In this scenario, due to inotropes being a Category 1 HIT benefit applicable drug, the nursing component of care for the IV therapy is covered under the HIT benefit, not the home health episode. If the HHA has also been accredited and approved as an HIT supplier, it can care for the IV as well as the home health components for the patient. The home health portion for billing will include the nursing education of disease management, medication management, etc. The OT assisting with energy conservation and ADL is also skilled need. And the home health aide is allowed under Medicare Part A with a physician order when skilled services are ordered. All services surrounding the IV administration and care must be billed under the HIT benefit.
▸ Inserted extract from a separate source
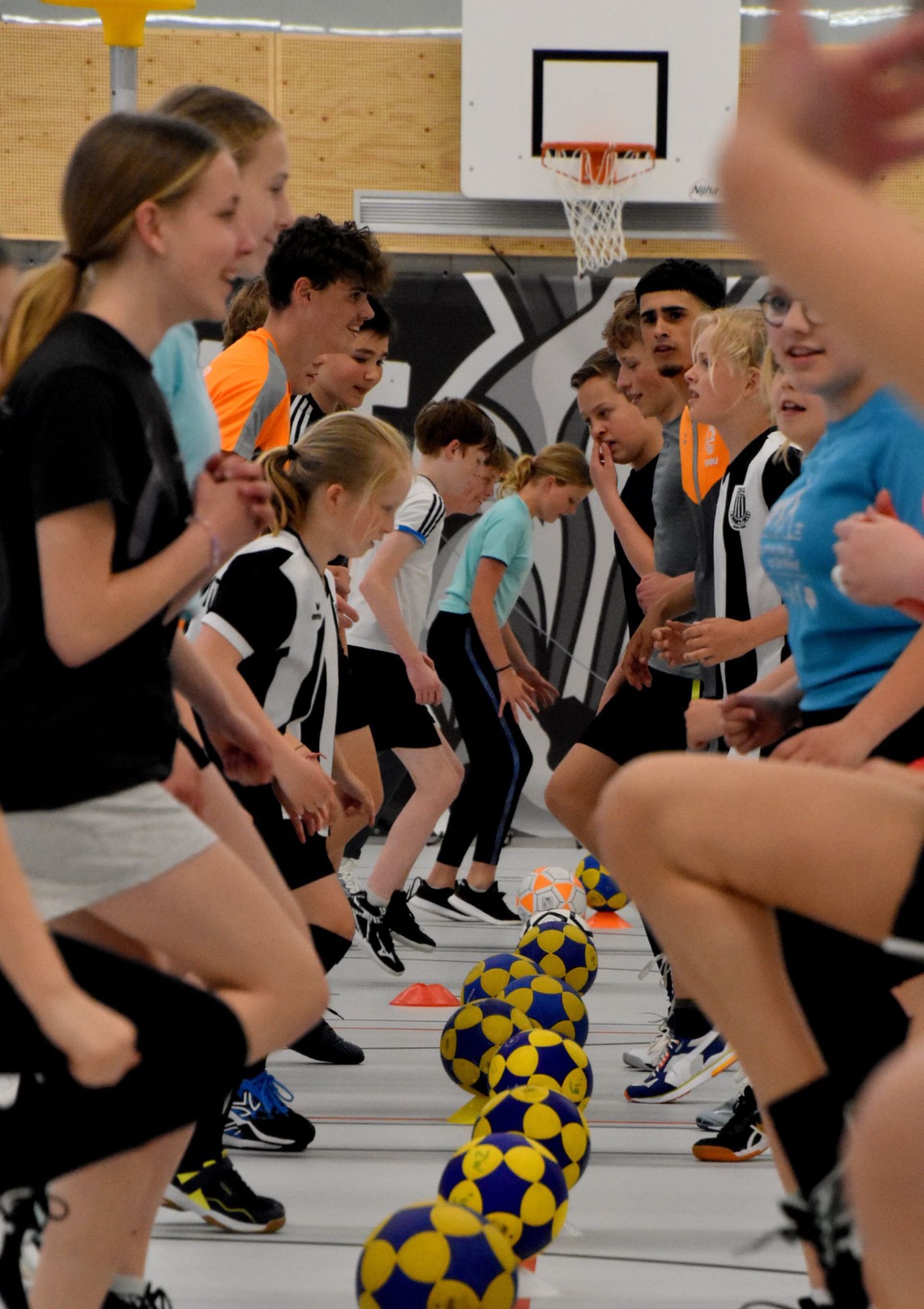 Jonge Deldense korfballers beleven topdag met clinic Jong Oranje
Home Health Patient Scenario #2
Home Health Catheter Infection
Patient is referred to home health for treatment of a catheter-associated infection involving his suprapubic catheter. The patient has a history of multiple urinary tract infections, probable colonization and the urine cultures have come back positive for pseudomonas-resistant to ciprofloxacin and enterococcus. The patient had the catheter exchanged in the emergency department and is referred to home health for administration of IV ertapenem. Skilled nursing will be required for daily IV administration through the patient’s current right upper chest port-a-cath. The order is for blood work twice this week due to the patient’s comorbidity of chronic kidney failure stage 3a, and a follow up urinalysis and culture in 2 weeks after the patient’s last dose. The patient is homebound due to his current infection, he has poorly controlled diabetes with peripheral vascular disease and is wheelchair bound due to bilateral, below-knee amputations. He lives with his wife who is able to provide care and assists with bathing, dressing, meals, and transportation. She is unable to manage the suprapubic catheter or the IV. The patient has a urologist who is managing the suprapubic catheter due to his neurogenic bladder.
In this scenario, the antibiotics, ciprofloxacin and enterococcus, are NOT covered under the Medicare HIT benefit. Therefore, the HIT benefit does NOT apply, and the nursing services would be covered under the Part A home health episode of care.
The new HIT benefit can be complex; in addition, the existing qualifiers under PDGM for home health—FTF, homebound, and skilled need—can result in many denials if requirements are not met. It is important that the regulations are well understood and carried out in the patient chart. HHA and HIT benefit providers are wise to work together and with their referral sources to achieve partnerships that provide the full range of services needed by the beneficiary in the most optimal site of care—their home.